| Task |
Please return the records below exactly as they appear, leaving every picture out.
########################################
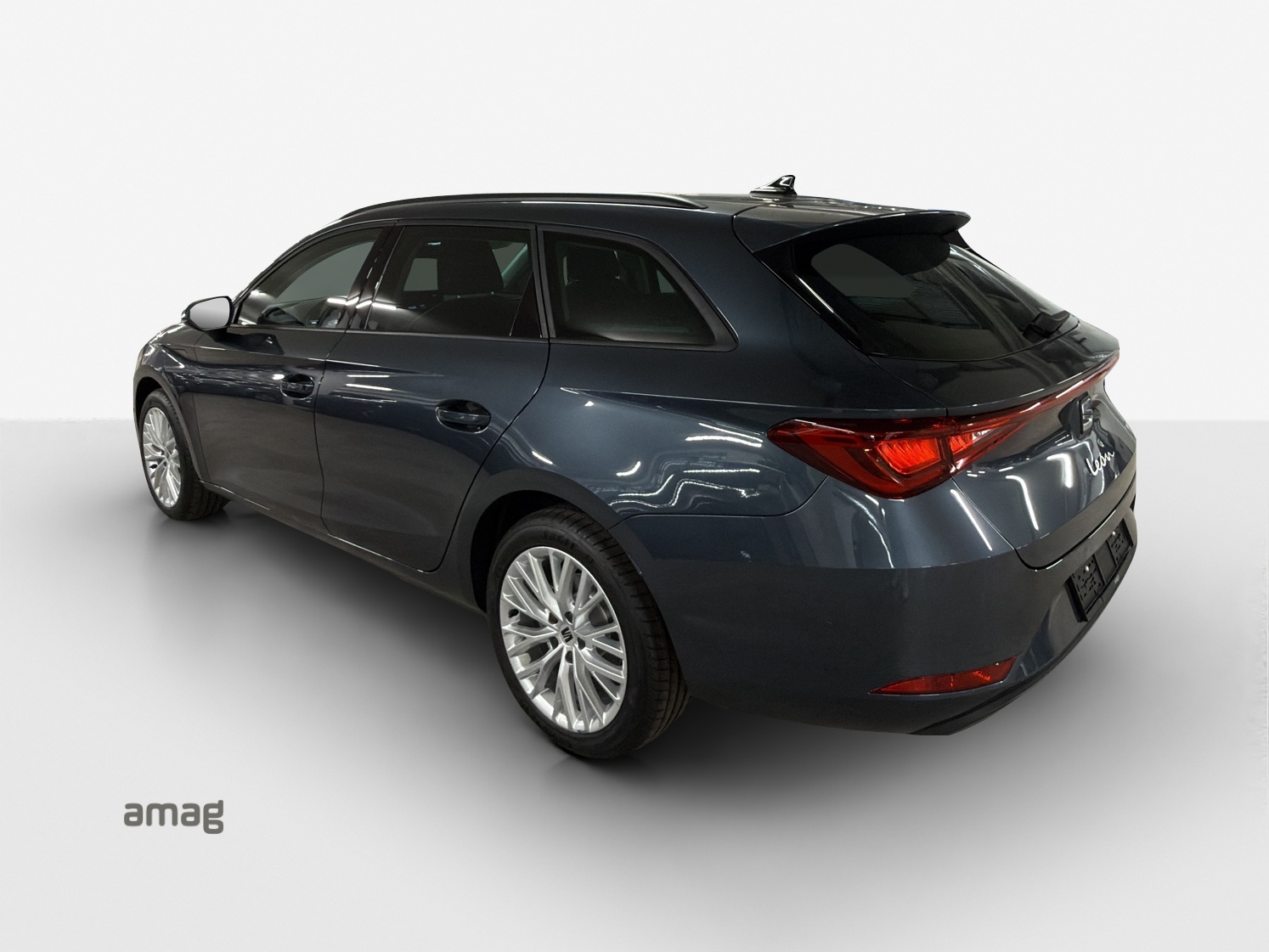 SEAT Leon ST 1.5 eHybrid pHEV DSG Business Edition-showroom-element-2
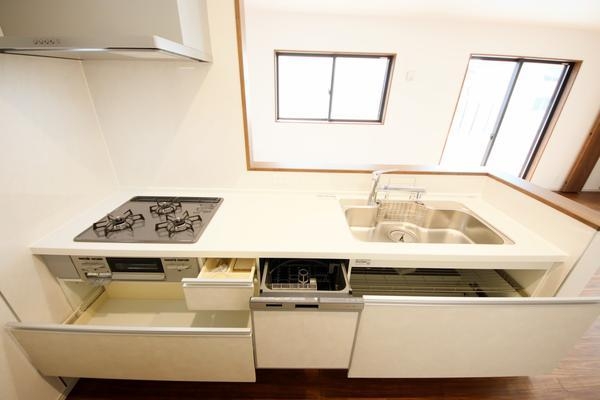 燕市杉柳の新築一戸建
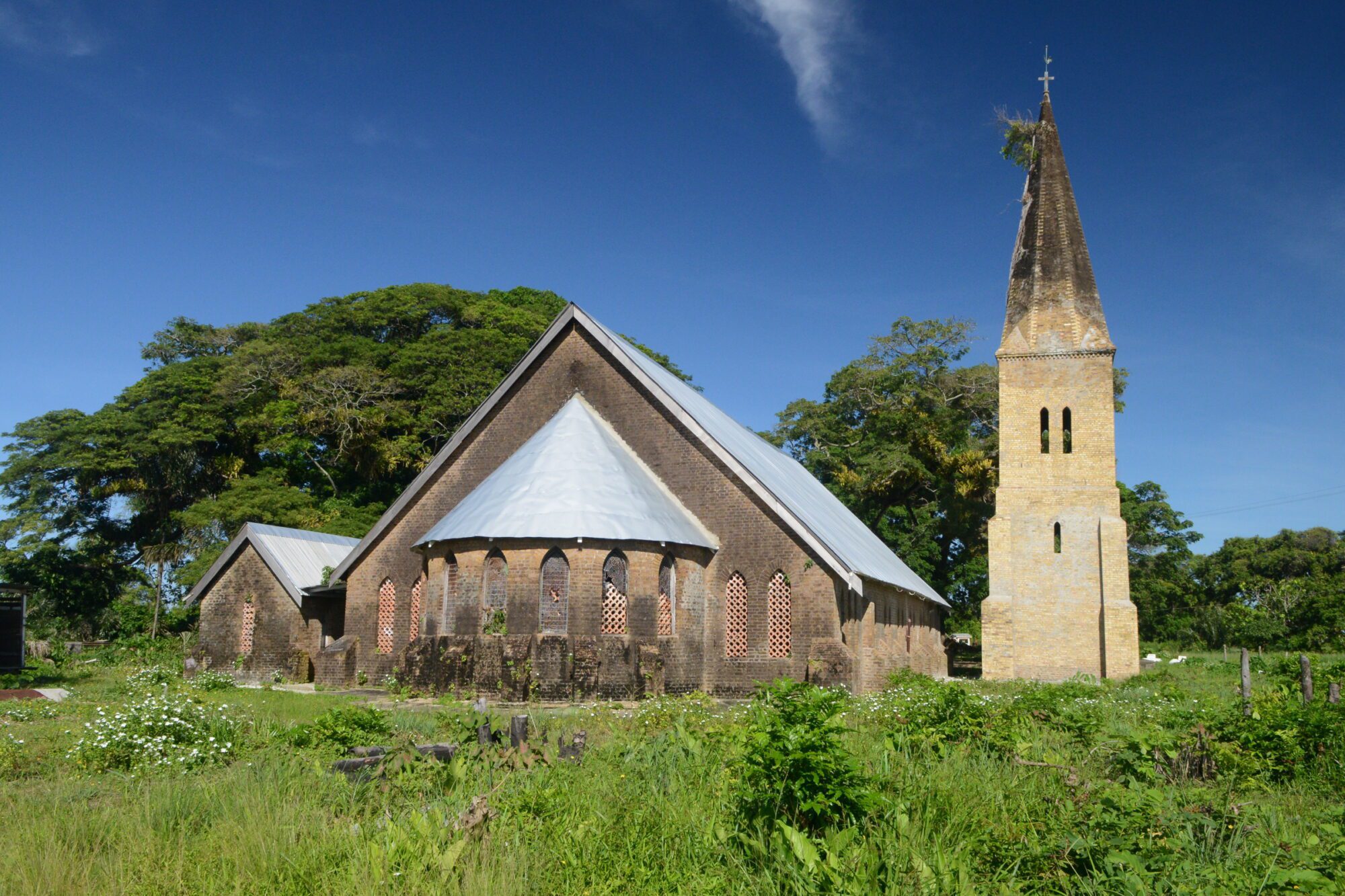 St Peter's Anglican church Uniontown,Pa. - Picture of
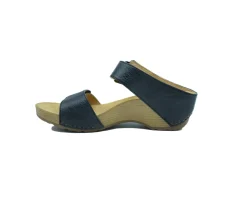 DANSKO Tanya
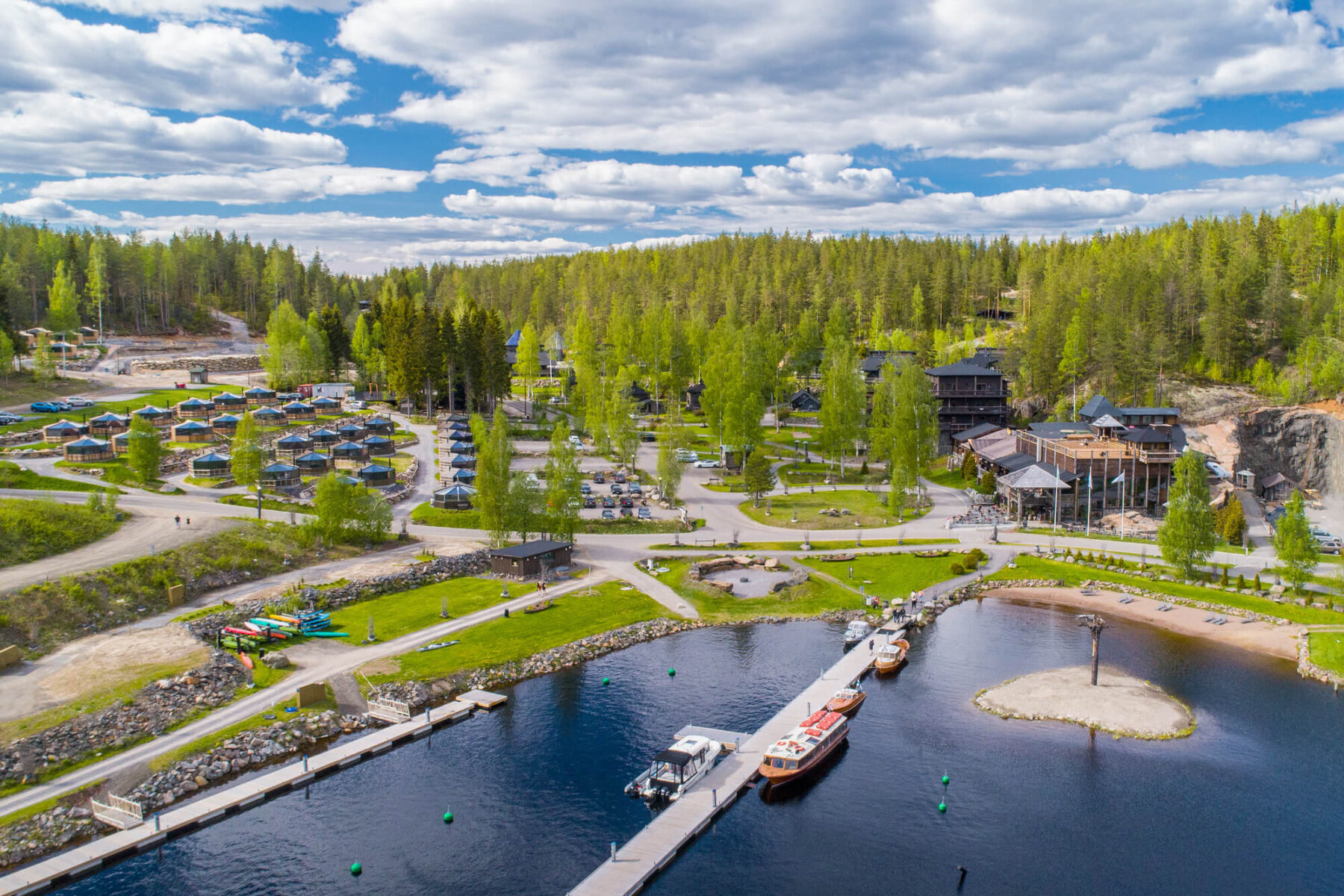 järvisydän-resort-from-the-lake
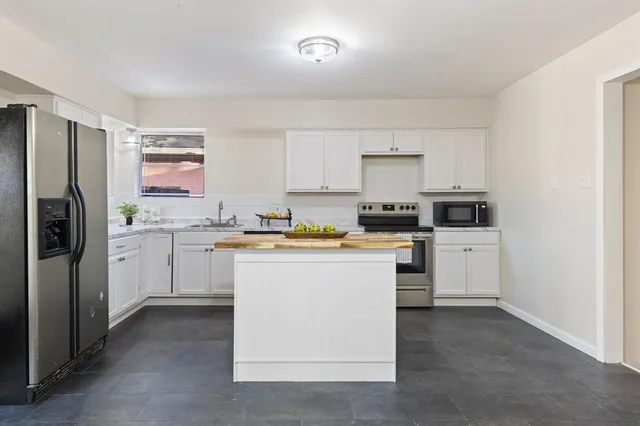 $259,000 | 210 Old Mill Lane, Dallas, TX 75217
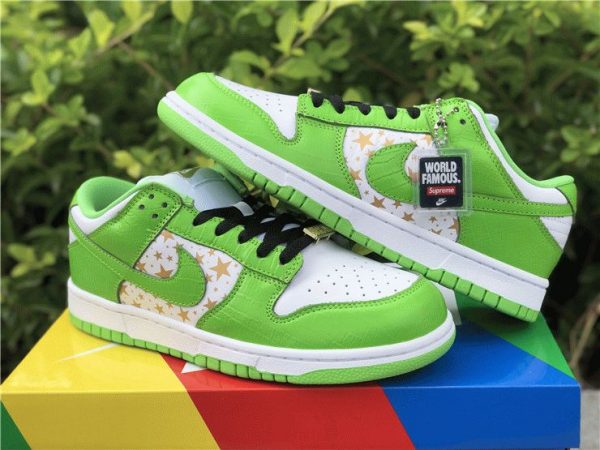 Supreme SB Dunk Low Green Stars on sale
########################################
| Response to this exercise |
 SEAT Leon ST 1.5 eHybrid pHEV DSG Business Edition-showroom-element-2
 燕市杉柳の新築一戸建
 St Peter's Anglican church Uniontown,Pa. - Picture of
 DANSKO Tanya
 järvisydän-resort-from-the-lake
 $259,000 | 210 Old Mill Lane, Dallas, TX 75217
 Supreme SB Dunk Low Green Stars on sale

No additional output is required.